***** Study material

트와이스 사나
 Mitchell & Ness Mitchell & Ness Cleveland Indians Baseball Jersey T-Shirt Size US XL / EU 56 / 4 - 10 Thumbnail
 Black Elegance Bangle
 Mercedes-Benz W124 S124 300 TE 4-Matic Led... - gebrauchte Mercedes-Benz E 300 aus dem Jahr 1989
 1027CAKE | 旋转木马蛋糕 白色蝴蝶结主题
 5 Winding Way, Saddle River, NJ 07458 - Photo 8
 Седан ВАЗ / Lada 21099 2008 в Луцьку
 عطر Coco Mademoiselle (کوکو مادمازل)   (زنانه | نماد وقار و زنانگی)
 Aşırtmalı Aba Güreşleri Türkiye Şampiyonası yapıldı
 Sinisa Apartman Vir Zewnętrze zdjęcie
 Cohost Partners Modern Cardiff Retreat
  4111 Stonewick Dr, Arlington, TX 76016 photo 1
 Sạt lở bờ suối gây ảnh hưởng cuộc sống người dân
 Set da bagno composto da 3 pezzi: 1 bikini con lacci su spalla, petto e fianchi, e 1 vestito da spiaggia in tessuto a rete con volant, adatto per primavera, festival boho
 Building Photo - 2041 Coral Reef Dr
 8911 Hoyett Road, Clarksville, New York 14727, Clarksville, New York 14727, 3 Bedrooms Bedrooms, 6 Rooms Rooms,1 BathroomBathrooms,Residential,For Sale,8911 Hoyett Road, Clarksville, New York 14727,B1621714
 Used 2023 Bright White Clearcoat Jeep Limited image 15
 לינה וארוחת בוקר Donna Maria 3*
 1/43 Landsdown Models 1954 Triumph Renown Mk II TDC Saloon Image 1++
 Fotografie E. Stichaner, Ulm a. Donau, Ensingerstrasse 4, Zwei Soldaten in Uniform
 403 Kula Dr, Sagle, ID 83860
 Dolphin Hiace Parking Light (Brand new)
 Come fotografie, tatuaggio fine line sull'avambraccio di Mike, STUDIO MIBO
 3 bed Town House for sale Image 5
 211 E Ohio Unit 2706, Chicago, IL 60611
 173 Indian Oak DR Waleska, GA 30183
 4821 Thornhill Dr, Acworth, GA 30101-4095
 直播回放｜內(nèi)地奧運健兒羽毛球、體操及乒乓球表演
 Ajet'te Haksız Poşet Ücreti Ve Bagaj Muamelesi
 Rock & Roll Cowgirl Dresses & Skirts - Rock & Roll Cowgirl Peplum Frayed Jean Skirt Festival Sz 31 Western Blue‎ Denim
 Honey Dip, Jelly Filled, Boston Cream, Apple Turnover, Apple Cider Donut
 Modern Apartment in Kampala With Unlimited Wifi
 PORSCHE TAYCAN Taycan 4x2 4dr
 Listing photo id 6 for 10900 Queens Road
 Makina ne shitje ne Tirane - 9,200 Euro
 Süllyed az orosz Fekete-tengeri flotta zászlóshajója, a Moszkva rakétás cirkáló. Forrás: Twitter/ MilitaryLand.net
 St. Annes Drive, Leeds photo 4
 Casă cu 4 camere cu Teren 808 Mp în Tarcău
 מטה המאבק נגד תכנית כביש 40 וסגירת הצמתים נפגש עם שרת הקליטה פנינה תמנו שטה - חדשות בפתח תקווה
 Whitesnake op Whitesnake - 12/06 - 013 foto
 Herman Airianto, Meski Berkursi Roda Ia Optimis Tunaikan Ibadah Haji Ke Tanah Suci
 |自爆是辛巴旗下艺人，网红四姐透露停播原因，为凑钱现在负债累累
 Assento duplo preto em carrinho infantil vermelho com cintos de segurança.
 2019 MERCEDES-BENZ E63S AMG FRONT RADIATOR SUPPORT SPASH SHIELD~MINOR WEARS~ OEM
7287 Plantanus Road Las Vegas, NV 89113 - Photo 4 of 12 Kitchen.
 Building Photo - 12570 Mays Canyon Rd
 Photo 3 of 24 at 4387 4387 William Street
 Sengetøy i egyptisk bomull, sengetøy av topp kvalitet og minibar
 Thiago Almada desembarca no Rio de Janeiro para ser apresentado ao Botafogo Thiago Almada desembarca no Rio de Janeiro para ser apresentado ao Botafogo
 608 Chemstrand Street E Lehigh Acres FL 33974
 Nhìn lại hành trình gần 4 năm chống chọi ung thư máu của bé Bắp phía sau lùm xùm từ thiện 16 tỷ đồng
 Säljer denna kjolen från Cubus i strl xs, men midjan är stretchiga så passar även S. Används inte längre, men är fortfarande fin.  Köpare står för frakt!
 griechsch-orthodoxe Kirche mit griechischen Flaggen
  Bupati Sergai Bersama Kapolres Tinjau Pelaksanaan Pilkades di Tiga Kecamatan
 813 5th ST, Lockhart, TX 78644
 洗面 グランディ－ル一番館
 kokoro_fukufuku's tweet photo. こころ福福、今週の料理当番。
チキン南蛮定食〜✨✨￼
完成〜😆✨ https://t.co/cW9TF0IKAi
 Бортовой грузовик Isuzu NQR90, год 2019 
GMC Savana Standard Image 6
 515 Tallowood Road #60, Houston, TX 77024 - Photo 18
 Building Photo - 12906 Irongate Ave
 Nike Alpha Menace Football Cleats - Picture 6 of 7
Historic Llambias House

**********

Task brief - The result should consist solely of the lines from the one that contains "Nike Alpha Menace" to the last line of the records above, reproduced exactly.

Answer space -
 Nike Alpha Menace Football Cleats - Picture 6 of 7
Historic Llambias House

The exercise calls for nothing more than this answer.